Out of the corner of his eye, he saw Edie pointedly tap an index finger against her watch crystal.
Warning bell sounded, Caedmon cleared his throat. “Yes, well, that concludes our discussion of the Egyptian origins of the Ark of the Covenant. I would like to thank the chief librarian at the House of the Temple, Mr. Franklin Davis, for hosting today’s lecture.” He motioned to a gray-bearded man in the front row. He’d met the librarian at a Washington book signing some months back. When an invitation had been extended to speak at the national headquarters for the Scottish Rite of Freemasonry, he’d gladly accepted. “And, of course, I would like to extend a warm note of thanks to a most inquisitive audience.”

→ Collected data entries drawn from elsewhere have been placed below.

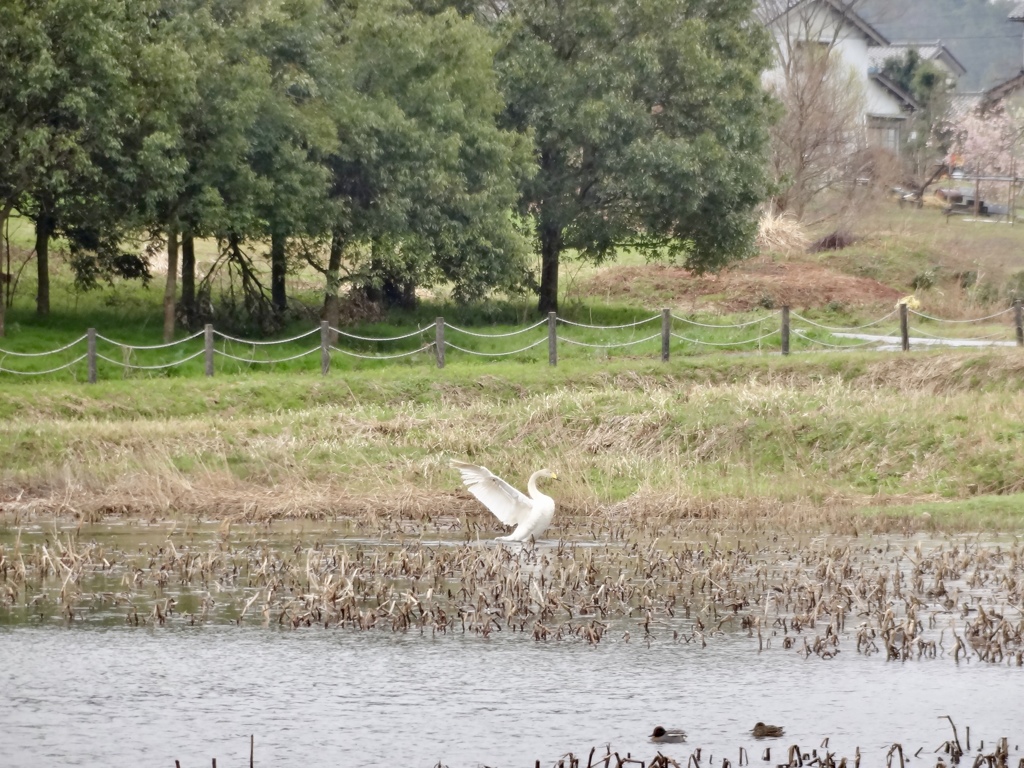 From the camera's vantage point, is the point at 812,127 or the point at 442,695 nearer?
the point at 442,695

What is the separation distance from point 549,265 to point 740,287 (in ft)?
22.5

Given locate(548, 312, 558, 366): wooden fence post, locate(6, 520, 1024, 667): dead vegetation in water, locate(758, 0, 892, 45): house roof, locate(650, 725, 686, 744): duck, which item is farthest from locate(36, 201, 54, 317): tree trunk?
locate(758, 0, 892, 45): house roof

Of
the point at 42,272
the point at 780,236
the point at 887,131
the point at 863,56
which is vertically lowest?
the point at 42,272

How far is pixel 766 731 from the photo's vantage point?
909 centimetres

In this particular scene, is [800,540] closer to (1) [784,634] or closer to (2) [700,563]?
(2) [700,563]

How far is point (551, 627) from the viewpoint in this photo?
1165 cm

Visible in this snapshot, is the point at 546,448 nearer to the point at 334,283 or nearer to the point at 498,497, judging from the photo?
the point at 498,497

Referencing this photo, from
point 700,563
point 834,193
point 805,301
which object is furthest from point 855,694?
point 834,193

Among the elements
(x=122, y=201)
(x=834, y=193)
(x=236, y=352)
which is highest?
(x=834, y=193)

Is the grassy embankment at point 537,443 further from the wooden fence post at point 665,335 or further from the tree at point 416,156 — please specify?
the tree at point 416,156

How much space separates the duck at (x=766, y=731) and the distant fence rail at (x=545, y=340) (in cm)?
1709

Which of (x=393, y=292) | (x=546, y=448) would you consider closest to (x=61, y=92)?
(x=546, y=448)

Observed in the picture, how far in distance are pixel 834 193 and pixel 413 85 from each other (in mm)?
27379

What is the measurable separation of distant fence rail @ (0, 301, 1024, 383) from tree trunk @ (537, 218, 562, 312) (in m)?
1.87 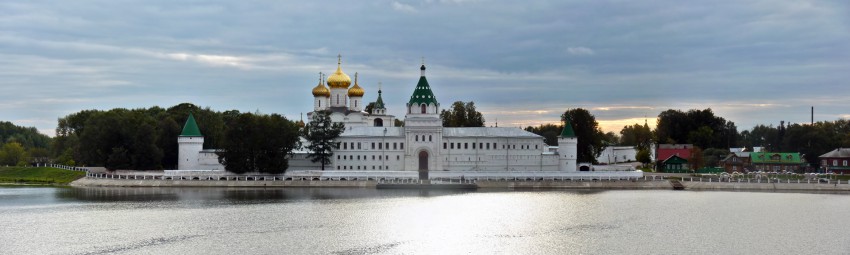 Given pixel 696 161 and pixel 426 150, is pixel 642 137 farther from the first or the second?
pixel 426 150

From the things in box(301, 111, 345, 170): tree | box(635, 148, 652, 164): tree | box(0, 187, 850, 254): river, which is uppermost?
box(301, 111, 345, 170): tree

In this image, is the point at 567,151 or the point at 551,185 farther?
the point at 567,151

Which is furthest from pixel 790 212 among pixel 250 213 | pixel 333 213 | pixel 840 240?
pixel 250 213

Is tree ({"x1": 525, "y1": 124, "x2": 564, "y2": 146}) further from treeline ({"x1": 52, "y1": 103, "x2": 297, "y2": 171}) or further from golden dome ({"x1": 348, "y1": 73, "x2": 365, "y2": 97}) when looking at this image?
treeline ({"x1": 52, "y1": 103, "x2": 297, "y2": 171})

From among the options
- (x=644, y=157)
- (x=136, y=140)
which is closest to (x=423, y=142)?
(x=136, y=140)

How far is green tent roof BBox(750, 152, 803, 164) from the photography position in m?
79.5

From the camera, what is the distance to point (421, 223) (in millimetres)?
40750

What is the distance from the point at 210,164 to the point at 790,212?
42.8m

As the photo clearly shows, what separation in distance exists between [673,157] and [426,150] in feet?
75.2

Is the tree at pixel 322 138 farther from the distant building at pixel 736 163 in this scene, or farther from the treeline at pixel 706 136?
the distant building at pixel 736 163

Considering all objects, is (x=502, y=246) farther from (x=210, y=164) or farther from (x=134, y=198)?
(x=210, y=164)

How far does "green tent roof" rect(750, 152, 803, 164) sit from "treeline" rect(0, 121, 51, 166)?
65.0m

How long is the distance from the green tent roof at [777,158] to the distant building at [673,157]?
18.3 ft

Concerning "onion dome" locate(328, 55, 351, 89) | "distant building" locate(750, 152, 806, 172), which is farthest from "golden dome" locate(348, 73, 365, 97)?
"distant building" locate(750, 152, 806, 172) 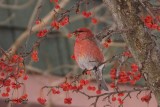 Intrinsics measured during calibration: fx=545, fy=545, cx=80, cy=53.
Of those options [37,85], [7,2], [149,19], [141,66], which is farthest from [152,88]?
[7,2]

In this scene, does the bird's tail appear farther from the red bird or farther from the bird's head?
the bird's head

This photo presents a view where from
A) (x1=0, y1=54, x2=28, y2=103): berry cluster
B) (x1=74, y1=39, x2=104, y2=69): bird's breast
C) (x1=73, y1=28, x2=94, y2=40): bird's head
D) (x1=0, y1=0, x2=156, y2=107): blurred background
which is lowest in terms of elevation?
(x1=0, y1=54, x2=28, y2=103): berry cluster

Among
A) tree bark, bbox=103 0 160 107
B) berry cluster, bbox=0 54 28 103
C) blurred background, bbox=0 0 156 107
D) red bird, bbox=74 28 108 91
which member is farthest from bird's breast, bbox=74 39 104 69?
blurred background, bbox=0 0 156 107

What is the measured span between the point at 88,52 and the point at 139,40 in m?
0.69

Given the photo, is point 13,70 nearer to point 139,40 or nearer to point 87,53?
point 87,53

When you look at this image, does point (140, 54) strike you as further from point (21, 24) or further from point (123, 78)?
Answer: point (21, 24)

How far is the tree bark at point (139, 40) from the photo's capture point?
2631 millimetres

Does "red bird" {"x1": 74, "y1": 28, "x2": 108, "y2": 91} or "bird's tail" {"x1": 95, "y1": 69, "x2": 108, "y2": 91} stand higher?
"red bird" {"x1": 74, "y1": 28, "x2": 108, "y2": 91}

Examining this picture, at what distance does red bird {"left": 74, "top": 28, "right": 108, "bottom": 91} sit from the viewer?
10.6 feet

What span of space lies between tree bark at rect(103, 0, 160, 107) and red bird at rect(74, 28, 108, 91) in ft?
1.57

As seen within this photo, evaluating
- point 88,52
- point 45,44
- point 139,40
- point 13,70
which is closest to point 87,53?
point 88,52

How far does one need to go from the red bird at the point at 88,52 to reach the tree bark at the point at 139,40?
1.57 feet

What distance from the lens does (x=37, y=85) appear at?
18.5 ft

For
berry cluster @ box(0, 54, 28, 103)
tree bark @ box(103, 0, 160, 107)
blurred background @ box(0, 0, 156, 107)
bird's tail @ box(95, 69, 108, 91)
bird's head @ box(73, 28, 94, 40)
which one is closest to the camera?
tree bark @ box(103, 0, 160, 107) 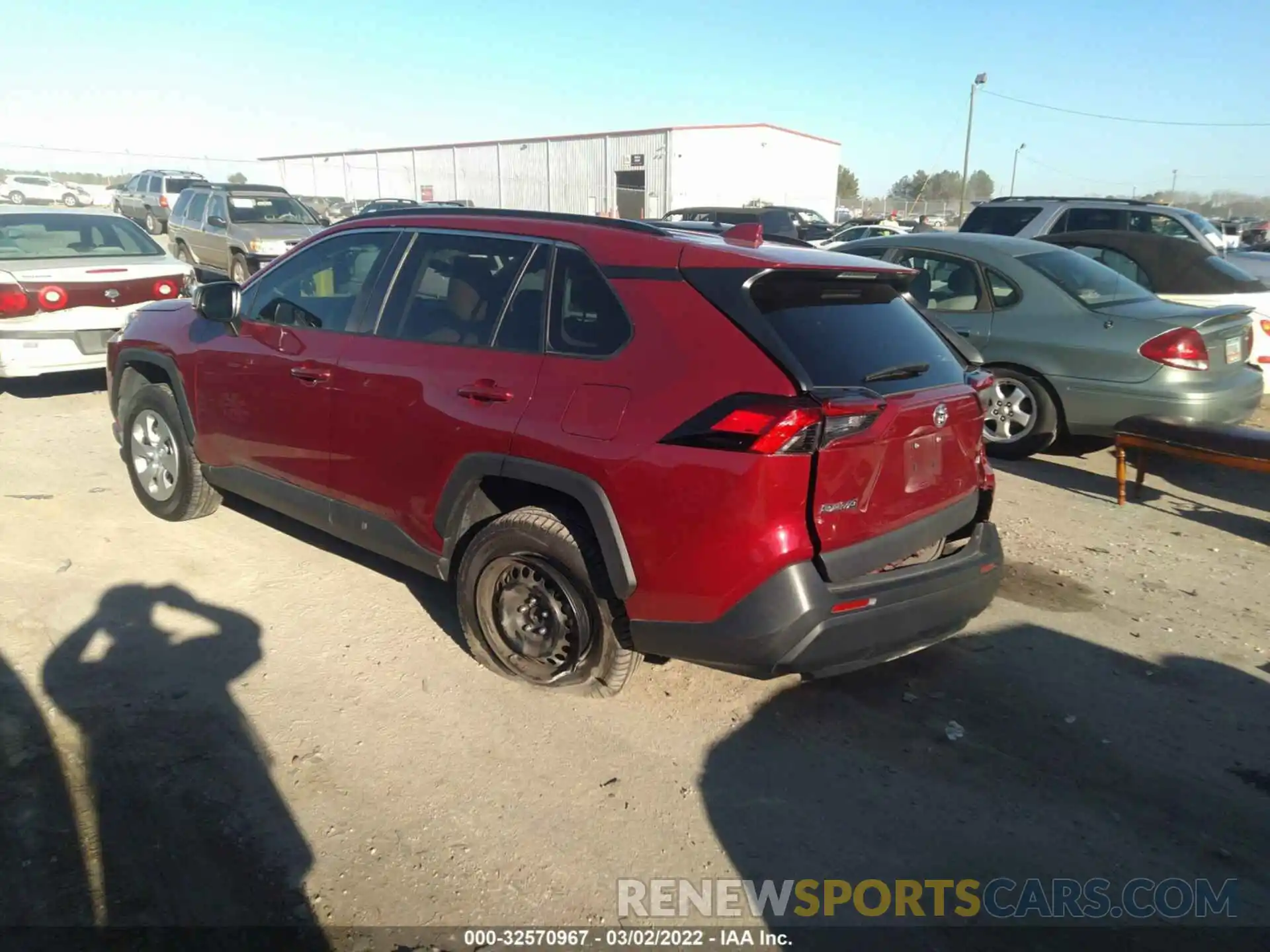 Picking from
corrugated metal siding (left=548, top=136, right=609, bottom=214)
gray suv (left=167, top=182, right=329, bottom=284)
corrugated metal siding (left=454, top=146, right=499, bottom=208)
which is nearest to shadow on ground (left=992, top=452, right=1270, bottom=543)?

As the overhead lights came on, Caedmon acknowledged the polite applause with a self-conscious smile. Uncomfortable in the role of public author, he knew such venues not only sold books but also attracted individuals with a keen interest in Egyptian history. And mystery. The latter near and dear to him. While he’d been trained as a historian, he preferred to think of himself as a “rehistorian,” legend, lore, and mysticism at the heart of his research endeavors. An unholy trinity that compelled several book reviewers to wrongly accuse him of being a conspiracy theorist.
Glancing around the room, he could see a few nattering clusters milling about, most of the attendees en route to the refreshment table set up in the adjacent banquet hall. In dire need of a thirst quencher, the obligatory lecturer’s glass having already been drained, he bent over the wooden table and proceeded to shut down the laptop computer.